Usually, even a non-Christian knows something about the earth, the heavens, and the other elements of this world, about the motion and orbit of the stars and even their size and relative positions, about the predictable eclipses of the sun and moon, the cycles of the years and the seasons, about the kinds of animals, shrubs, stones, and so forth, and this knowledge he hold to as being certain from reason and experience. Now, it is a disgraceful and dangerous thing for an infidel to hear a Christian, presumably giving the meaning of Holy Scripture, talking nonsense on these topics; and we should take all means to prevent such an embarrassing situation, in which people show up vast ignorance in a Christian and laugh it to scorn. The shame is not so much that an ignorant individual is derided, but that people outside the household of faith think our sacred writers held such opinions, and, to the great loss of those for whose salvation we toil, the writers of our Scripture are criticized and rejected as unlearned men. If they find a Christian mistaken in a field which they themselves know well and hear him maintaining his foolish opinions about our books, how are they going to believe those books in matters concerning the resurrection of the dead, the hope of eternal life, and the kingdom of heaven, when they think their pages are full of falsehoods and on facts which they themselves have learnt from experience and the light of reason?
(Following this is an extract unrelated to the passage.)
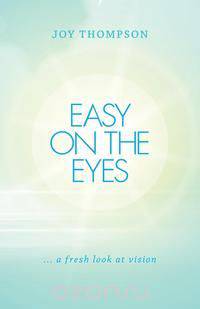 Easy on the Eyes... a Fresh Look at Vision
Reckless and incompetent expounders of Holy Scripture bring untold trouble and sorrow on their wiser brethren when they are caught in one of their mischievous false opinions and are taken to task by those who are not bound by the authority of our sacred books. For then, to defend their utterly foolish and obviously untrue statements, they will try to call upon Holy Scripture for proof and even recite from memory many passages which they think support their position, although they understand neither what they say nor the things about which they make assertion.

— St. Augustine, De Genesi ad litteram libri duodecim (The Literal Meaning of Genesis)

Or to summarize in less flowery language, “Shut the bleep up about stuff you know nothing about. You not only look like a jerk, you make the rest of us look like jerks, too”.

Coupla random comments:

  • This has no relationship to Satanism, as described in the previous post. Creationism isn't Satanic, it's just dumb.

  • The current euphemism for Creationism is “intelligent design”. This seems to be the basic Deist argument: God wound up the Universe like the ultimate Marvelous Toy, set it running, and then went away. This, unfortunately, does not provide that most fundamental function of any religion, which is how to get people to contribute to the church building fund.

  • One of the first things on my road to getting run out of the Southern Baptist Church was a little pamphlet called Roadblocks to Evolution. The Powers that Be handed it out with great pomp and ceremony as the thing that would crush this “evolution” nonsense once and for all; I handed it back with the errors highlighted. They weren't pleased. The arguments weren't just wrong, they were ridiculous.

  • The folks I've met who preach the gospel of Creationism seem less concerned about being related to Koko the gorilla (who seems rather sweet) than they are with being related to other Homo sapiens sapiens whose ancestors left Africa later than theirs did.